Once becoming airborne after launching past the rooftop edge, the General kept her hands on the steering wheel while saying into her Ear-To-Mouth Com, “Let’s return the favor,” and then ordering, “so everybody target their laser blaster array to draw a continuous bead,” prior to bringing the turret back around forward to add her contribution to the collective effort.

The Cyrillashg

“Da-n them,” Captain Aadil Koppale said from his vantage point in space aboard one of the Carriveaua premiere vessels. It was unclear as to whether or not he was referring to the efforts of the Galaxy Bloc military or the incompetence of the crew from the much smaller Raring Cruiser which had been sent in but taken down.

For one thing, there was too much exposure involved with the failure. For another, things just got that much more difficult in trying to retrieve Burdlit.
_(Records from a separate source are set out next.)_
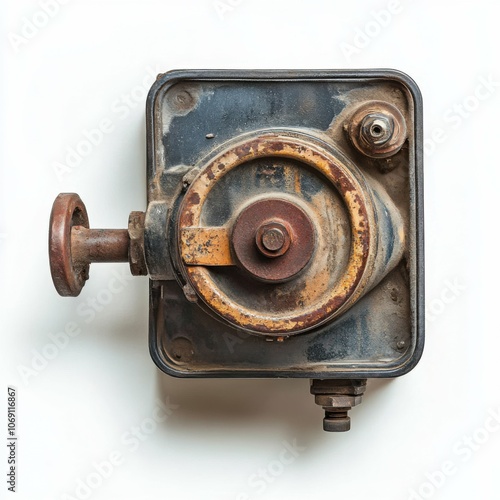 Pond pump on a white background, top view, sharp details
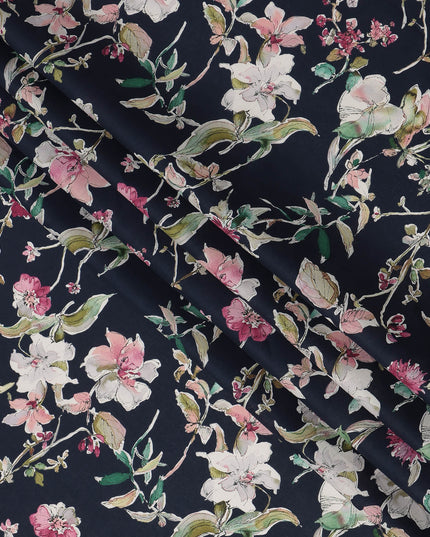 Navy Pink White Multicolor Botanical Floral Print Cotton Lawn Fabric – Artistic Garden Design, 110 cm Width, Made in Japan-D26846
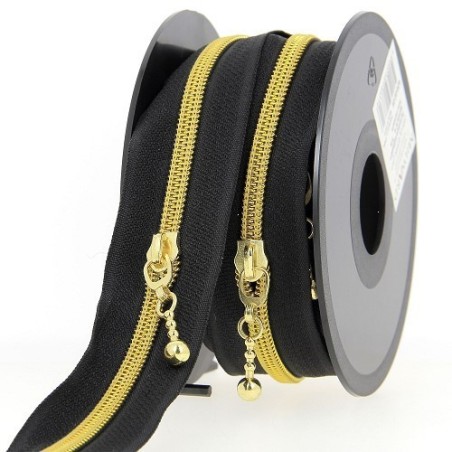 Mercerie - Fermeture éclair au mètre noir et doré boule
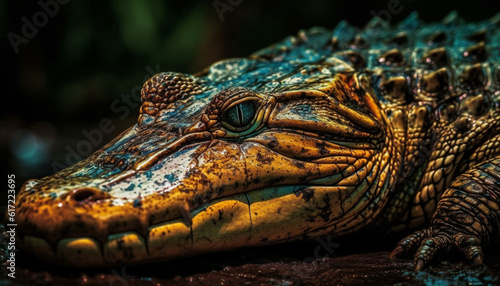 Spectacled caiman  dangerous reptile with sharp teeth in tropical forest generated by AI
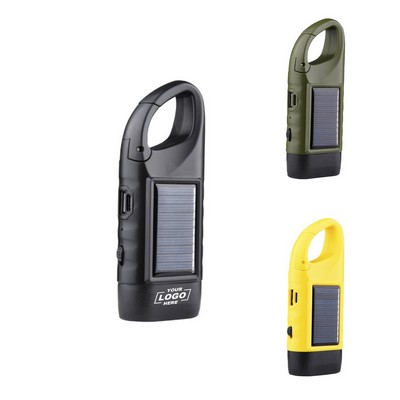 Solar Hand Crank Rechargeable Flashlight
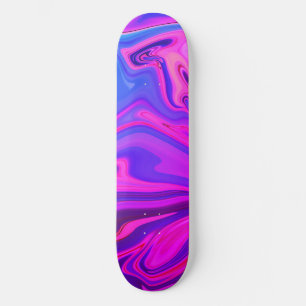 Neon Blue Purple Pink Abstract Pattern Skateboard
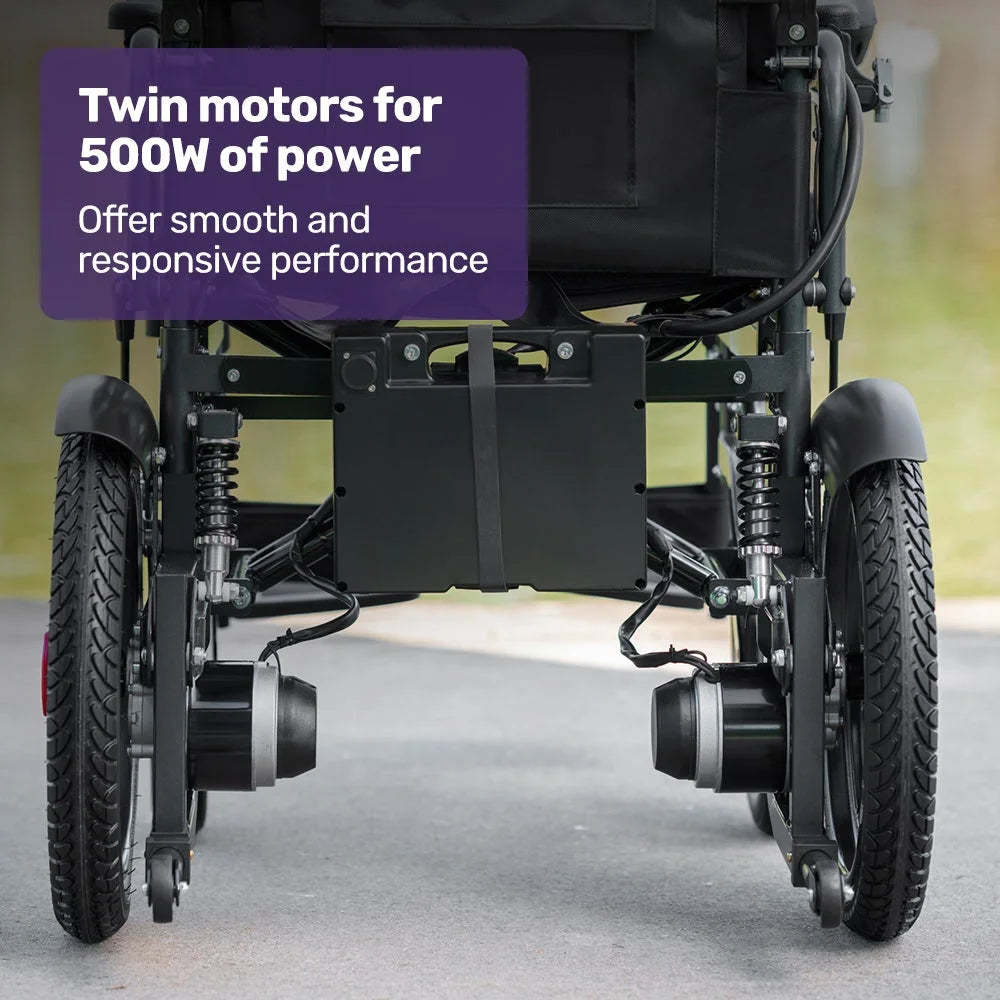 EQUIPMED Electric Folding Wheelchair Wide Bariatric Chair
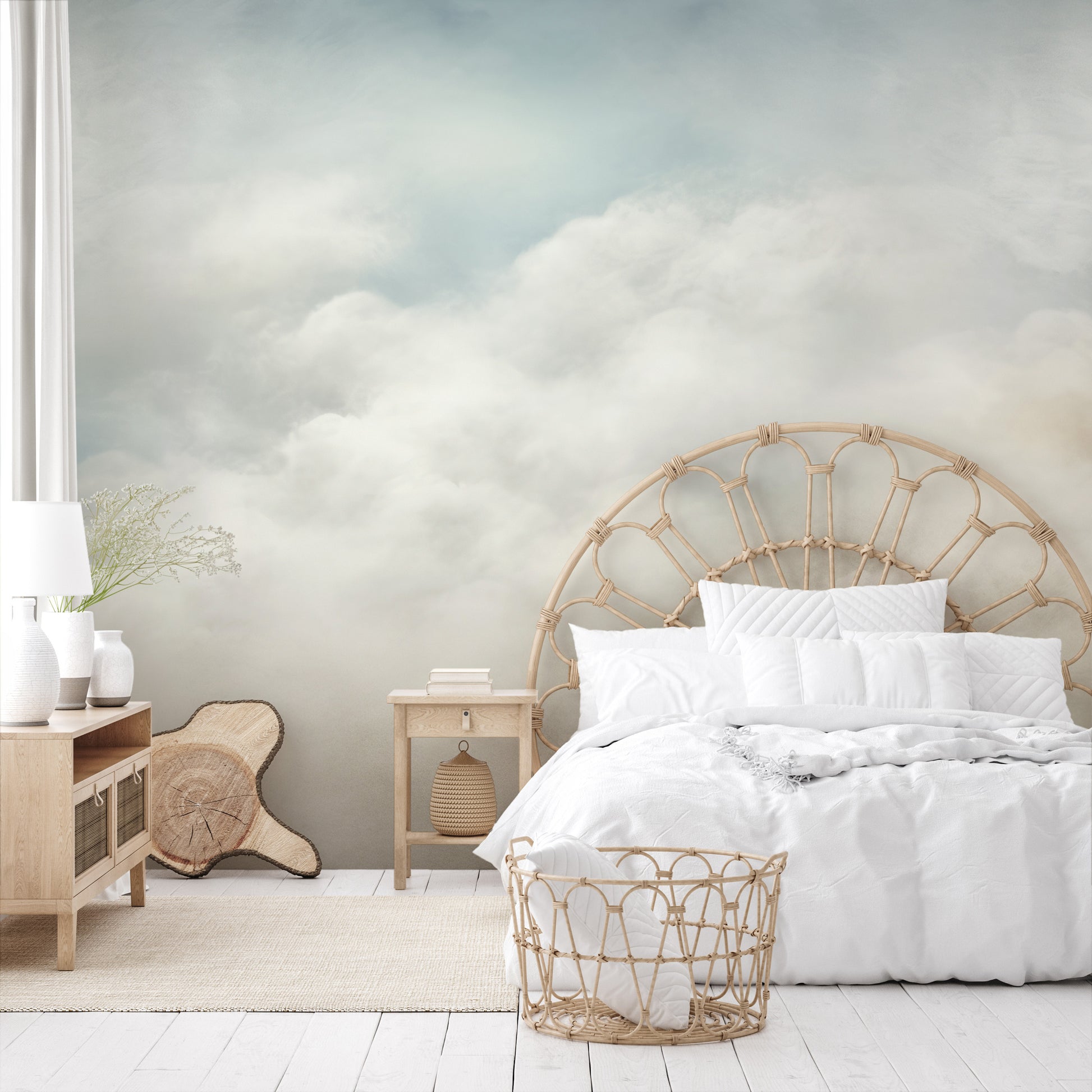 Zdjęcie prezentuje aranżację wnętrza z użyciem fototapety o nazwie SOFT EMINENCE CLOUDSCAPE pokazanej w aranżacji wnętrza.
An enemy but only needed a subtle glimpse – a shimmer in the fabrication to be able to zone in on an invisible target. Once that occurred, the ship became as vulnerable as an unattended ice cream stick was to ants – and just as sweet. The Carriveaua were excellent with stealth technologies, and that compensated for their deficiencies in defensive technologies like shielding, so firing shots (after that interestingly vicious shuttle crew) tipped what little of a hand the vessel possessed. Those amazing tanks and the flashy gliders combined to bring Captain Koppale’s scouts down immediately to an explosion in the well between buildings, following their crash to the street below.

Or maybe, his discontent lay further-reaching than even this isolated incident. Either way, more good Carriveaua were lost, and he was having the toughest time placing the fault for the outcome at the feet of the unincorporated planets…or the Space Force.